Lease-based repository state

This is an idea in support of info/refs caching.

Context

The goal is to have a key per repository which represents its state. When retrieving a value from the info/refs cache, we look it up by this key. This allows us to have an immutable and relatively "dumb" blob cache. E.g. if the key is yMjAwMFowZjE then we would look up a cached info/refs blob by blob key hashedKey("repo.git", "v1", "info/refs", "yMjAwMFowZjE"). If no blob is found for that hashed key we know we have to create a new one. The blob store would use time-based expiry.

Design

Each repository gets a state directory state. Doesn't matter where it is as long as it's in the storage root. Could be repo.git/gitaly/state. What matters is that all Gitaly nodes that access this repository via NFS can find the state directory.
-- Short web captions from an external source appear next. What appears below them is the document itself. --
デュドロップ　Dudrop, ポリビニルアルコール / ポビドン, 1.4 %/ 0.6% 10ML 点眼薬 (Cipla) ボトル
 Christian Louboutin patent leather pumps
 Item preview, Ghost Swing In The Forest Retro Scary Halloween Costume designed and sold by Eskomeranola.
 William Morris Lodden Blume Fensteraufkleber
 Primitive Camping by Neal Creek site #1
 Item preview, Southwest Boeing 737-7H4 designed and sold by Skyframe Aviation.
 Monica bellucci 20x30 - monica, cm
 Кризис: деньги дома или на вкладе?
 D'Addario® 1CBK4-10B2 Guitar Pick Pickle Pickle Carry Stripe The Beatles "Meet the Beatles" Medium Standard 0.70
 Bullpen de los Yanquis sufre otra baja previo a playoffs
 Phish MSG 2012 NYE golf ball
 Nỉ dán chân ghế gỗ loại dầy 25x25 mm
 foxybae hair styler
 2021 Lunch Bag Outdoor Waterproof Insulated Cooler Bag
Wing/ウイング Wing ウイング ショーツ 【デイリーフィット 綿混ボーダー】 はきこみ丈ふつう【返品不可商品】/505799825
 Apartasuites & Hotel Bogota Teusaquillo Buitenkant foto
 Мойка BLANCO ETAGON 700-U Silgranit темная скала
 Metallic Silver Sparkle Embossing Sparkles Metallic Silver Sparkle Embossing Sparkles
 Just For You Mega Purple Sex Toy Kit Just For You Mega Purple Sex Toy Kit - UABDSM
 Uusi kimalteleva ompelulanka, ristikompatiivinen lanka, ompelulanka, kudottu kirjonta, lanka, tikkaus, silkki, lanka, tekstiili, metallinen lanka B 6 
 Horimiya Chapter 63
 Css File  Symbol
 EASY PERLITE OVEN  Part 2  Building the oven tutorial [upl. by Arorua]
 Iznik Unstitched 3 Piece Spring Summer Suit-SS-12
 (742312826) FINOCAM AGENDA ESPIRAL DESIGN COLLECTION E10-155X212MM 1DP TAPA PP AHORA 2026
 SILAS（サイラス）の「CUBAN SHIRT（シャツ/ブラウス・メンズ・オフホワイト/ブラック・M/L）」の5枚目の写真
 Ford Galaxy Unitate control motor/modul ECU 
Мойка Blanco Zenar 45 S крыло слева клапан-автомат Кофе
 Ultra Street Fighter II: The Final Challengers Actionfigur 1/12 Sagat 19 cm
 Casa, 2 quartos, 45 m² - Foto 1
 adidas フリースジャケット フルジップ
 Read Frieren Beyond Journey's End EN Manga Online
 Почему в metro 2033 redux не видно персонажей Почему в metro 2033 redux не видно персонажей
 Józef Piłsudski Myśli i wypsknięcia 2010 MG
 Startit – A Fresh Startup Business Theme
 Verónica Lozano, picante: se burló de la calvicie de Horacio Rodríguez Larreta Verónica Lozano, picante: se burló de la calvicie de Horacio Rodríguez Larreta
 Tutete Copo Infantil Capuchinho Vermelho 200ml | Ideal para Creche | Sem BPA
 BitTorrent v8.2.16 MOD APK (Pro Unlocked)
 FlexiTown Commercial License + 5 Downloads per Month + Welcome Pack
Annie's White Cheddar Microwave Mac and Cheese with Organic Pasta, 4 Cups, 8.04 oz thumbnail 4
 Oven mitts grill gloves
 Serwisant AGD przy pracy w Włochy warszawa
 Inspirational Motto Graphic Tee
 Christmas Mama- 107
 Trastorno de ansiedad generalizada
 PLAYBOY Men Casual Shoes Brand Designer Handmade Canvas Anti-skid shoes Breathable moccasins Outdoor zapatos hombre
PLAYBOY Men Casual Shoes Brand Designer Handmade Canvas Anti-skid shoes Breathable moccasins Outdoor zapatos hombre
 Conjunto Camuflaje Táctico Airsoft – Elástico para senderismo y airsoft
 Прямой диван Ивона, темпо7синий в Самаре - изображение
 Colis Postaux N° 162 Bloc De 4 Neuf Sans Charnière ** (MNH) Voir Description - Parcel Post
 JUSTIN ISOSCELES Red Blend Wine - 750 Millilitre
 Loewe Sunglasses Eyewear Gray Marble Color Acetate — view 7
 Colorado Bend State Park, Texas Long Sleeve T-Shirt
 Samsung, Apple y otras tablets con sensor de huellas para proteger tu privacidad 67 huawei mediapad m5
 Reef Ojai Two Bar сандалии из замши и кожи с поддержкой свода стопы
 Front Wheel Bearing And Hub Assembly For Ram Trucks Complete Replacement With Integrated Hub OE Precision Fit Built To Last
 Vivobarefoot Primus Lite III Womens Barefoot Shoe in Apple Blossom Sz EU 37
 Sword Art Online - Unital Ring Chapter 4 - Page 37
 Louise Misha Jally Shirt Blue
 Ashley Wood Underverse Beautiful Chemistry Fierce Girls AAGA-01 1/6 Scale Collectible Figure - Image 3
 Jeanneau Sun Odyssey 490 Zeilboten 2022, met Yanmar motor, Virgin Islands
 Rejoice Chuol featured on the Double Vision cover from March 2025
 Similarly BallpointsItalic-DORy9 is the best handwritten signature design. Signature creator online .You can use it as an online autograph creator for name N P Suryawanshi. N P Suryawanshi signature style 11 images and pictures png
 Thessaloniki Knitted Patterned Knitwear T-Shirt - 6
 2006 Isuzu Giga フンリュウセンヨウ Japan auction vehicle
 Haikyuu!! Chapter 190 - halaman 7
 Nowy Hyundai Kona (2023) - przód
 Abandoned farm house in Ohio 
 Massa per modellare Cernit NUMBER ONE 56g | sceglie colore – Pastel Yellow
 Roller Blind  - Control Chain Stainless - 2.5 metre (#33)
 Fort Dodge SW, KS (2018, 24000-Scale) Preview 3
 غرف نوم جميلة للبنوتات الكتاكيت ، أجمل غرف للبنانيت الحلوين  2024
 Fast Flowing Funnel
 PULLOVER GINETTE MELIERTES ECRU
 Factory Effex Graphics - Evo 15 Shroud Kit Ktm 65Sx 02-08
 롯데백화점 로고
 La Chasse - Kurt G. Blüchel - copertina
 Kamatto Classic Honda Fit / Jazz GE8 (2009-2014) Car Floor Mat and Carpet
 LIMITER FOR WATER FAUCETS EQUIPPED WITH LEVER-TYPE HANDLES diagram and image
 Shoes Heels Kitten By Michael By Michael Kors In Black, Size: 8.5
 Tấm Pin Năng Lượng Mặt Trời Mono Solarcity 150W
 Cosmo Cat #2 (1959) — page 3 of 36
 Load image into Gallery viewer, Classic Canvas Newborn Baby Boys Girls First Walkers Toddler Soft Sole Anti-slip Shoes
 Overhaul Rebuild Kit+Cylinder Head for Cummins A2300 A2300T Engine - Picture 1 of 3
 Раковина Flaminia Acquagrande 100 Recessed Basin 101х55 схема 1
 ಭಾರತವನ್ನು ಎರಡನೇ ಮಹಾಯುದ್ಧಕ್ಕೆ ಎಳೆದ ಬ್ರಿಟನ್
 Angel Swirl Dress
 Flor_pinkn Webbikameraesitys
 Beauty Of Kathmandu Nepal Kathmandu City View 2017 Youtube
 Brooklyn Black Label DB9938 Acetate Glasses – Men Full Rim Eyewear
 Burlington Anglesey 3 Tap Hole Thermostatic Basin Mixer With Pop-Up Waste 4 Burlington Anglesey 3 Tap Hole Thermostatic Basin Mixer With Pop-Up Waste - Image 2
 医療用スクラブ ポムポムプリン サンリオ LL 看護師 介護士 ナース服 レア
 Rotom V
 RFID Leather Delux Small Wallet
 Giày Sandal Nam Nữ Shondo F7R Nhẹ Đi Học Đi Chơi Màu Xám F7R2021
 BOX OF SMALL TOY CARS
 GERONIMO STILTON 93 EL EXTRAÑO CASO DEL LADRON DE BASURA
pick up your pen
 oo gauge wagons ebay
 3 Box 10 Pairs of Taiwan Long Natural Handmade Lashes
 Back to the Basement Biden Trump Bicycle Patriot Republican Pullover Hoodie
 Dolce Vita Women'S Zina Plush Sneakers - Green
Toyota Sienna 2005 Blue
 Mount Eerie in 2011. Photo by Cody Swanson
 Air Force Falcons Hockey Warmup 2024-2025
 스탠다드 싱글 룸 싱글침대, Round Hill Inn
The state contains a file state/key. This key contains a random nonce. Ongoing writes take a lease by creating a randomly named (empty) file in the state/pending directory.

Readers

A reader looks up the key as follows:

  1. get directory entries of state/pending
  2. if there are pending entries older than one hour: update state/key to new random value, delete old pending entries
  3. open file state/key
  4. if missing, create a new state/key with random contents
  5. return contents of state/key

Writers

A writer has a critical section, during which we know an update is happening. At the start of the critical section the writer creates a randomly named file state/pending/572gasfg0; this constitutes a lease.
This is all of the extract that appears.